### [Exercise aim]
Ignoring every picture, return the lines of the listing below word for word, from the line that holds "Vintage Solid Knitted" through the line that holds "Unbranded Shorts Embroidered".

### [Extracted data]
□ □ □ □ □

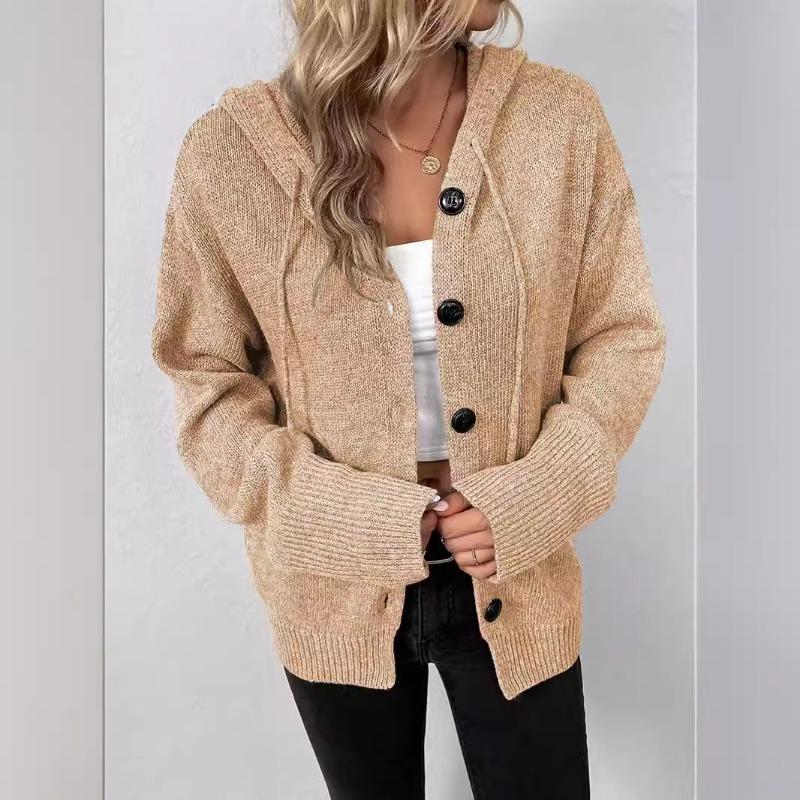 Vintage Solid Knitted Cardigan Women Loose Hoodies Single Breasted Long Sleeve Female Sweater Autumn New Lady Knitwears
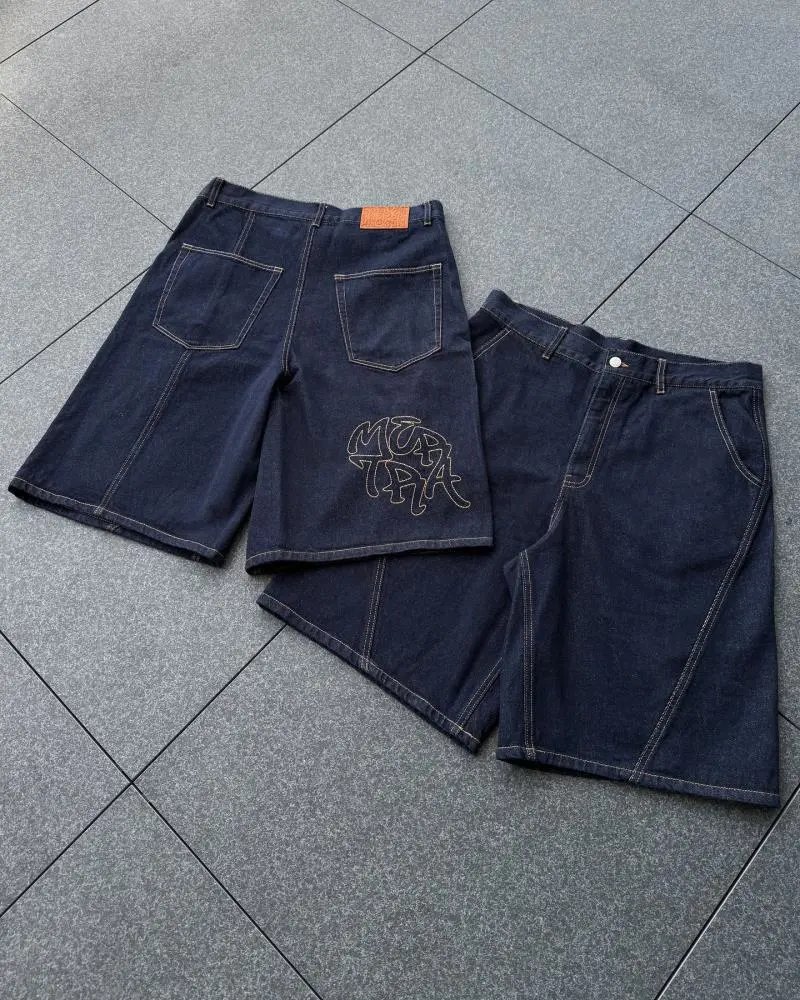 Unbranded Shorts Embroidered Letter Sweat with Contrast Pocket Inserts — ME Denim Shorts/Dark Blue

□ □ □ □ □

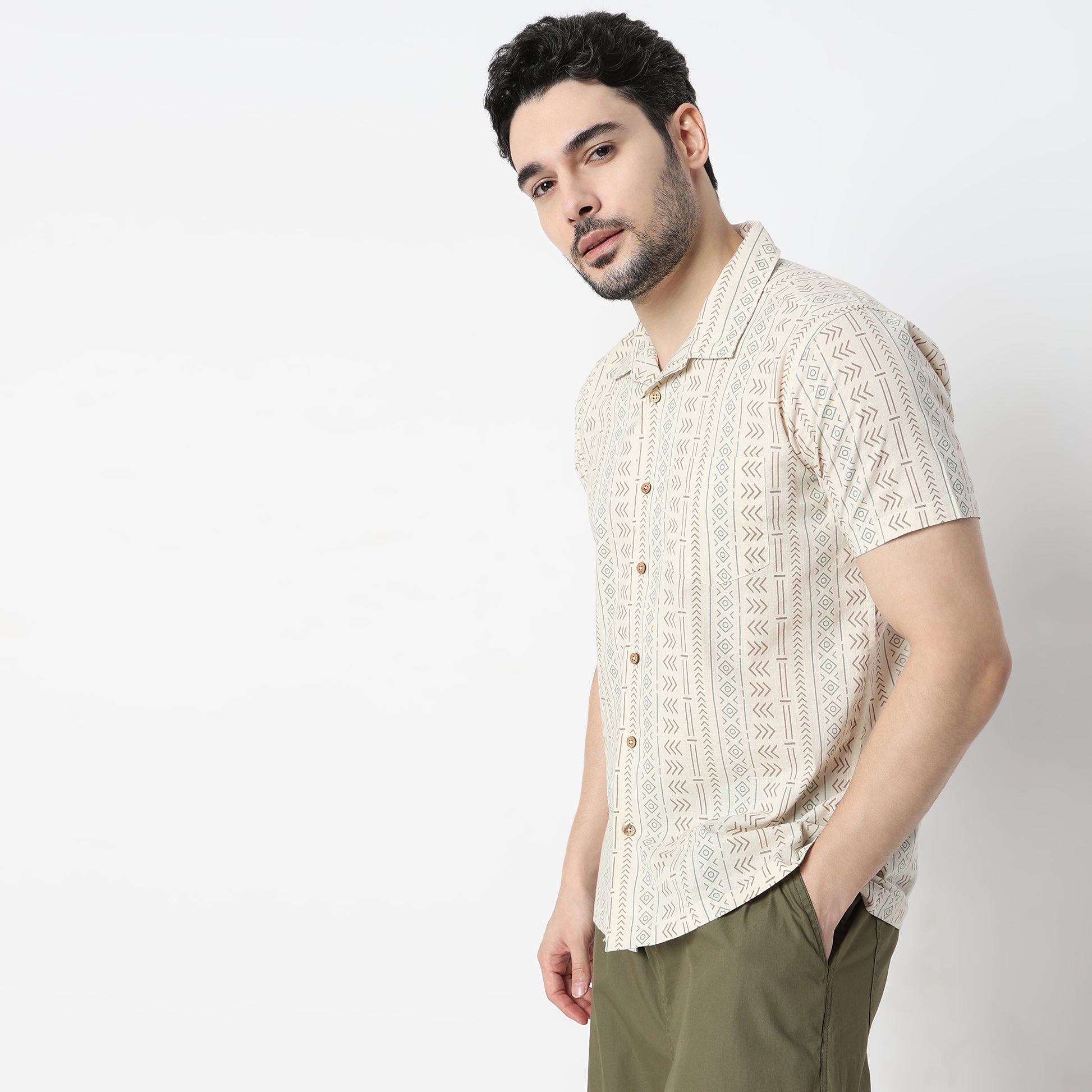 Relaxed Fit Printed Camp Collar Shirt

□ □ □ □ □

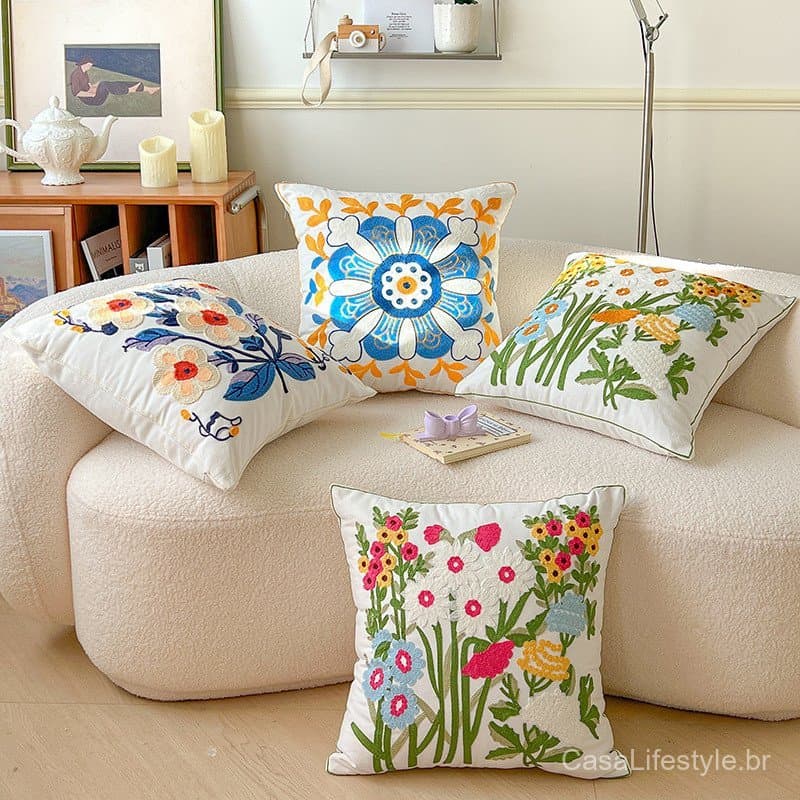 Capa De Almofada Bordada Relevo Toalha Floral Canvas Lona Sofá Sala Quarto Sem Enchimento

□ □ □ □ □

### [Solution to this problem]
 Vintage Solid Knitted Cardigan Women Loose Hoodies Single Breasted Long Sleeve Female Sweater Autumn New Lady Knitwears
 Unbranded Shorts Embroidered Letter Sweat with Contrast Pocket Inserts — ME Denim Shorts/Dark Blue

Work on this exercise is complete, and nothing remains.